After Morris finished, Brennan let the silence linger. The memo encapsulated the Morris-Connolly conspiracy: not only had they provided Whitey Bulger with information that led to the murder of two men, but they were now attempting to shift responsibility onto the Massachusetts State Police, and in particular, Colonel Jack O'Donovan, a man who had for years been trying to sound alarm bells within law enforcement about the FBI's unseemly relationship with Bulger.

“Two days after you received that memo from Special Agent Connolly,” said Brennan, “you endorsed it, didn't you?”

“I reviewed it and initialed it,” said Morris.

“When Mr. Connolly gave that to you and you read that, you knew it was untrue, didn't you?”

Morris's mood seemed to shift. Over a series of defensive equivocations, he ducked the substance of Brennan's inquiries and would not give straight answers. His voice hardened. For a while on the stand, he had been wallowing in self-pity but, now, whatever shield of denial he had constructed for himself, whatever he needed to do so that he could sleep at night, led him to forcefully defend himself. He sat upright, with renewed energy. The need to assert his theology of self-deception had reinforced his spine like an injection of B
12
.

All these years later, he was still seeking to protect his reputation. He was still pretending.

BY THE TIME
John Morris neared the end of his testimony, defense attorney Jay Carney appeared to be exhausted. Although Hank Brennan was the one handling the cross-examination of Morris, Carney had been handling many of the legal arguments related to Morris, and there were many. The defense team was frequently frustrated in their efforts to enter a piece of evidence or pursue a line of questioning, due to objections from the prosecution. In some cases, the jury was removed from the courtroom and the witness asked to step down. The two sides would stand before the judge and make their case. As lead counsel, Carney argued with vigor and passion, but given the defense strategy he was frequently left spinning his wheels.

The insistence that Bulger was not an informant was the rock upon which Carney and Brennan often found themselves stranded far from the shore. In their cross-examination of both James Marra and Morris, they had contested nearly every FBI airtel (exclusive correspondence) and teletype that was placed into evidence. In support of this strategy, Carney explained to the judge, “What if Mr. Connolly fabricated the entire informant file? What if not a single item in that informant file was based on a statement by James Bulger? . . . And the evidence today that we've heard through Mr. Morris gave some insight into that, to what we've been saying since my opening statement, which is, Mr. Bulger was not providing information as an informant to Connolly, he was providing money to these FBI agents so
that he could get tipped off about wiretaps, search warrants, indictments being issued.”

“But isn't there a view of the evidence,” countered Judge Casper, “that he was also getting tipped off about people cooperating? I guess what I'm saying is, why can't both be true?”

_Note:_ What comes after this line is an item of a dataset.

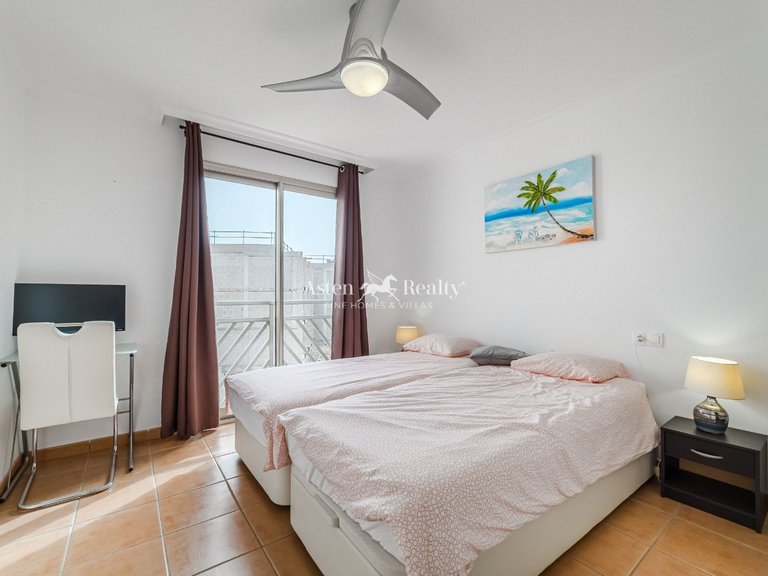 Penthouse for Sale in El Medano, Tenerife 18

For a moment, Carney appeared stumped, his arms dangled at his side, and then he said, “It's possible that both can be true—theoretically—but the defendant's position is that only one is true.”

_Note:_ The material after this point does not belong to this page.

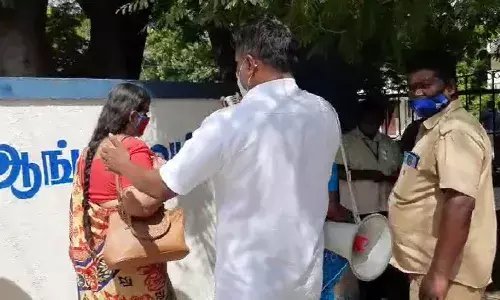 தடுப்பூசி டோக்கன் முறைகேடுகளை தடுக்க கோவை மாவட்ட நிர்வாகம் நடவடிக்கை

It was telling that Carney said “the defendant's position” and not “the position of the defense.” It was becoming apparent that the insistence on the canard of whether or not Bulger was an informant was a position devised by Whitey Bulger. During these arguments, Bulger listened attentively. To him, this is what the trial was all about: an attempt to salvage his reputation as an “honorable racketeer” who could never be a snitch. But for the defense lawyers, it was a road to nowhere.

Carney's exasperation was based partly on his inability to get any love from the judge on this issue, but it was also likely founded on the reality that the entire debate had sidetracked the defense from exploring the more prescient point, also laid out in Carney's opening statement, that the Bulger era was one chapter in a long, dark history of law enforcement corruption in New England. Morris had been their best chance so far to probe the continuity of sleaze between the Barboza era and the Bulger era. That opportunity had come and gone without the defense making the necessary connections.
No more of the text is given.